After watching the YouTube video Rich Harris - Rethinking reactivity, these are three ideas that stood out to me:

Truly reactive code is just better.

Too many times throughout my development career, I have coded lines upon lines of code without thinking of the load being put on the machine. Rich Harris truly puts value into Svelte by comparing it to other frameworks like React, Vue, and Angular and the way that they run their code. With every framework I have worked with up to this point, the entirety of a function or multiple functions is called when one thing is changed. That is not truly reactive. By only updating the affected variables in the code, Svelte truly is reactive.

Svelte, like the modern era, is attempting to be minimalistic.

It seems to me that, compared to when I was growing up, people have far less things decorating their homes. This concept of clean and minimalistic is stylish seems to be taking over. Svelte is no exception to this rule. From the examples I saw in this video, a noticiblely less amount of code was used to accomplish a task compared to the use of a framework like React. In my experience, the cleaner and less code, the better. That seems to be the logic behind Svelte. Yes, the JavaScript output is quite complex. However, that is a plus of Svelte. It does the dirty work for you. Svelte feels modern to me.

Svelte is intuitive.

Two examples from Rich Harris’ presentation stand out to me: scoped styles, and missing alt tags. Having used React quite a bit, having global styles can often be burdensome. I always seem to end up with lots of classes and even more lines of code. Svelte gives you the ability to scope your CSS. I am aware that React has this feature as well, however, it never seemed like the way React wanted you to work with CSS. Scoped CSS is Svelte’s primary way of doing CSS and it makes sense.

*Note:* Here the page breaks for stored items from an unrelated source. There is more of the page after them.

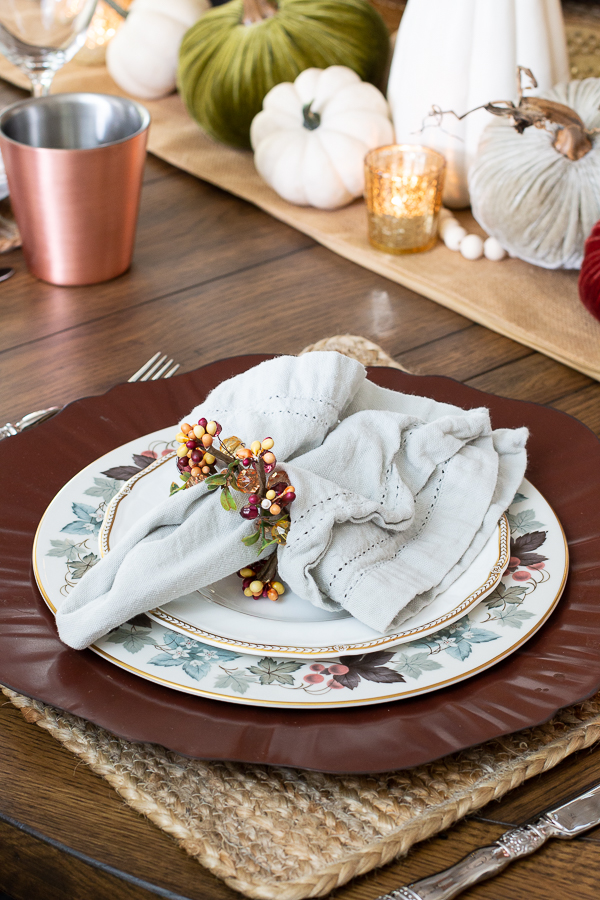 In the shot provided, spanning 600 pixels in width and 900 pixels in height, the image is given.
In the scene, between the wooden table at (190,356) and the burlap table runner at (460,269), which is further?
the burlap table runner at (460,269)

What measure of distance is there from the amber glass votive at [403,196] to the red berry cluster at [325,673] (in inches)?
21.1

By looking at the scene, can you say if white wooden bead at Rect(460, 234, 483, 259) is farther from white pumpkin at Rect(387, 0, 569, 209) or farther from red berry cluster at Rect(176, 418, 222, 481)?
red berry cluster at Rect(176, 418, 222, 481)

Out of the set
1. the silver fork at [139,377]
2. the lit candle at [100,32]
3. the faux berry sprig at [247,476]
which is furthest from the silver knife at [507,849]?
the lit candle at [100,32]

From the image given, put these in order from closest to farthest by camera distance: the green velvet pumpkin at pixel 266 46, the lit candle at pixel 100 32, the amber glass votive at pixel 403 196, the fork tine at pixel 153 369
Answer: the fork tine at pixel 153 369
the amber glass votive at pixel 403 196
the green velvet pumpkin at pixel 266 46
the lit candle at pixel 100 32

Rich Harris explains that majority of us developers will never understand the difficulties of accessing the internet or an app with a disability. The example he gave of having an image without and alt tag really showed how Svelte is trying to help with accessibility. When issues such as a missing alt tag occur, you will get a message in your terminal telling you that you should have an alt tag on the image on line x:x. He mentions that it will still compile without it, but it will not respect you for it.